Defendant-employer first argues on appeal that the Industrial Commission erred in finding and concluding that plaintiff suffered a compensable injury by accident on 17 December 1991. Defendant-employer contends that it was error for the Commission to rely solely on plaintiffs testimony, which is not credible. Broyhill maintains that the full Commission should have upheld the finding of the Deputy Commissioner that plaintiff was not credible because only the Deputy Commissioner could observe personally the witnesses.

N.C. Gen. Stat. section 97-85 empowers the full Commission, after application, to review an award of a deputy commissioner and “if good ground be shown therefor, [to] reconsider the evidence, receive further evidence, rehear the parties or their representatives, and, if proper, amend the award.” N.C. Gen. Stat. § 97-85 (1991). These powers are “plenary powers to be exercised in the sound discretion of the Commission” and should not be reviewed on appeal absent a manifest abuse of discretion. Lynch v. Construction Company, 41 N.C. App. 127, 130, 254 S.E.2d 236, 238, disc. review denied, 298 N.C. 298, 259 S.E.2d 914 (1979).

Ordinarily, the full Commission is the sole judge of the credibility of witnesses. See Watkins v. City of Asheville, 99 N.C. App. 302, 303, 392 S.E.2d 754, 756, disc. rev. denied, 327 N.C. 488, 397 S.E.2d 238 (1990). However, in cases where the full Commission does not conduct a hearing and reviews a cold record, this Court has recognized the general rule that “the hearing officer is the best judge of the credibility of witnesses because he is a firsthand observer of witnesses whose testimony he must weigh and accept or reject.” Pollard v. Krispy Waffle, 63 N.C. App. 354, 357, 304 S.E.2d 762, 764 (1983).

In Pollard, this Court held that the full Commission “has the power to review determinations made by deputy commissioners on the credibility of witnesses” under G.S. § 97-85. Id. We leave this holding undisturbed. However, we believe that when the Commission reviews a deputy commissioner’s credibility determination on a cold record and reverses it without considering that the hearing officer may have been in a better position to make such an observation, it *640 has committed a manifest abuse of its discretion. Accordingly, we hold that prior to reversing the deputy commissioner’s credibility findings on review of a cold record, the full Commission must, as it did in Pollard, demonstrate in its opinion that it considered the applicability of the general rule which encourages deference to the hearing officer who is the best judge of credibility.

In so holding, we are aware that no specific findings are required to be made by the Commission before it decides whether or not to hear new evidence under G.S. § 97-85. See Chisholm v.

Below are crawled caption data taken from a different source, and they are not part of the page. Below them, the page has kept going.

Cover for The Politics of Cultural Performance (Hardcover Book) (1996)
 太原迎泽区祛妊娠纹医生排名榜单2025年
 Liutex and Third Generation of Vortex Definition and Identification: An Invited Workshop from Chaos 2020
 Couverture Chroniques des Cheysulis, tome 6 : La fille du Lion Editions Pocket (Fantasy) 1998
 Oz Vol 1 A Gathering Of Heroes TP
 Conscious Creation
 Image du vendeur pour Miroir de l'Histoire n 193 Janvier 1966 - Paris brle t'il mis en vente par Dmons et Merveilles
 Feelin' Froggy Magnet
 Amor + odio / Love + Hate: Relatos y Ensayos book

Diamond Condominium Constr. Co., 83 N.C. App. 14, 20, 348 S.E.2d 596, 600 (1986), disc. rev. denied, 319 N.C. 103, 353 S.E.2d 106 (1987). However, we have determined that matters of credibility require a different approach. While the Commission is entitled to overrule the deputy commissioner’s ruling on credibility, its determination cannot be made lightly when the deputy commissioner is the only person who has observed the witnesses. Credibility can be decisive in deciding a party’s success or failure. Our holding today recognizes this fact and reinforces the widely-held belief that credibility is best judged by those who are present when the record is made.

In civil and criminal trials, trial judges are considered to be the best judge of credibility since they are present to observe the witnesses. See, e.g., State v. Sessoms, 119 N.C. App. 1, 6, 458 S.E.2d 200, 203 (1995), aff’d per curiam, 342 N.C. 892, 467 S.E.2d 243, cert. denied,-U.S.-, 136 L.Ed. 2d 129 (1996); Repair Co. v. Morris & Assoc., 2 N.C. App.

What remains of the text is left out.